Entraram na moda, de uma década para cá, as pizzas de "mozzarella" de búfala. Cuidado, porém, ao colocar a "mozzarella" muito fresca no topo de uma redonda. Como ostenta uma quantidade quase absurda de soro, ainda, na sua composição, digamos, esponjosa, a muito fresca liberta esse soro sobre a massa das pizzas – que somente se cozinham, e não assam corretamente. Por favor, consuma a "mozzarella" fresca imediatamente, sem resguardá-la no frio da geladeira. Para outras opções, inclusive a das pizzas, elimine o líquido que protege a "mozzarella" e a guarde, embrulhada em papel-filme, na parte mais baixa do refrigerador. Não ficará perfeita para se desfrutar, ao natural – mas, se tornará impecável em qualquer processo que exija o derretimento.

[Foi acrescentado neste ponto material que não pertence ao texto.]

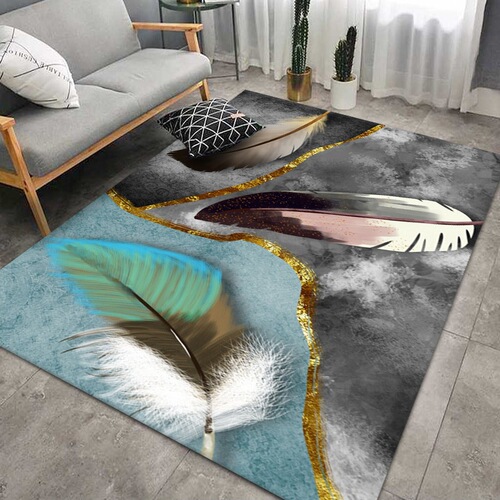 Home Sofa Mat Feather Print Rugs Nordic Living Room Bedroom Geometric Rectangle Home Tea Table Foot Mat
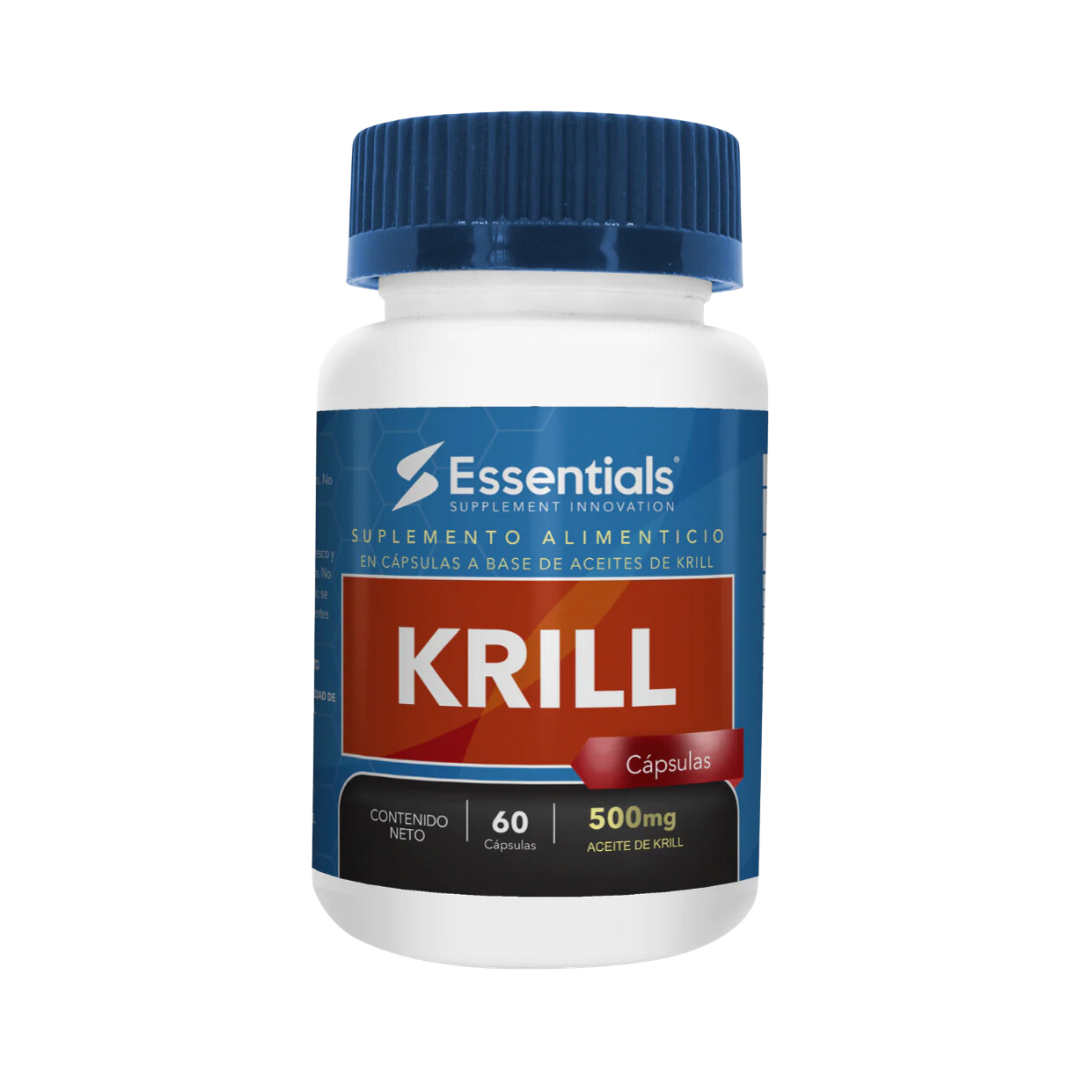 Una botella de plástico blanca de Get Fit México con tapa de rosca azul tiene una etiqueta de color granate y azul que dice Krill Omega 3 - Essentials. El suplemento contiene 60 cápsulas de 500 mg de aceite de krill por cápsula, rico en omega-3 para una alta absorción.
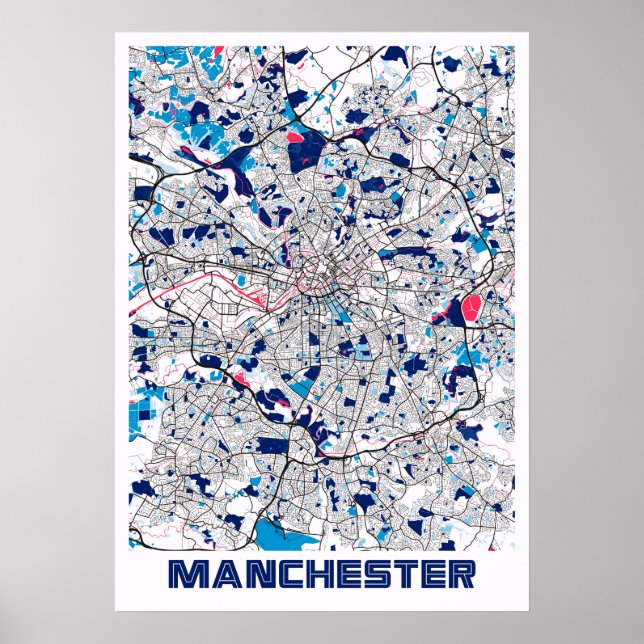 Manchester - United Kingdom MilkTea City Map Poster (Vorne)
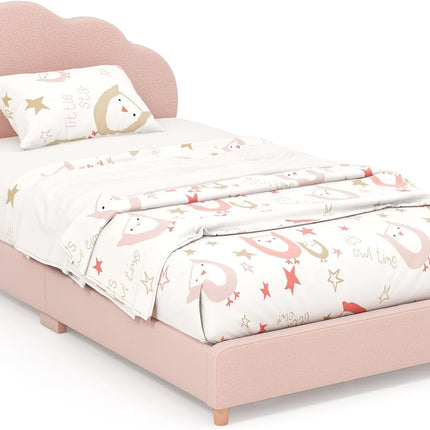 Costzon Twin Bed Frames with Adjustable Headboard, Upholstered Wooden Kids Bed w/Slats Support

Dentre as marcas, a campeã

São inúmeras as marcas de categoria, hoje, no Brasil, no departamento da "mozzarella" de búfala. De qualquer forma, preciso sugerir "La Bufalina", que os irmãos Davide e Vittorio Auricchio, provenientes de Battipaglia, na Campânia, implantaram em São Paulo, 1998, conceito e tecnologia totalmente peninsulares (tels.: 3825-8000 e 5051-3737) – e preços acessíveis, em relação à sua qualidade superlativa.

Avalizam a minha postura inúmeros restaurantes celebrados da capital, como Baby-Beef Rubaiyat, Don Pepe di Napoli, Fasano ou Fogo-de-Chão, seus consumidores fiéis. Recentemente, aliás, um teste de degustação, realizado pela revista Affari, da Câmara Italiana de Comércio no Brasil, destacadamente elegeu a "Bufalina" como a melhor do segmento.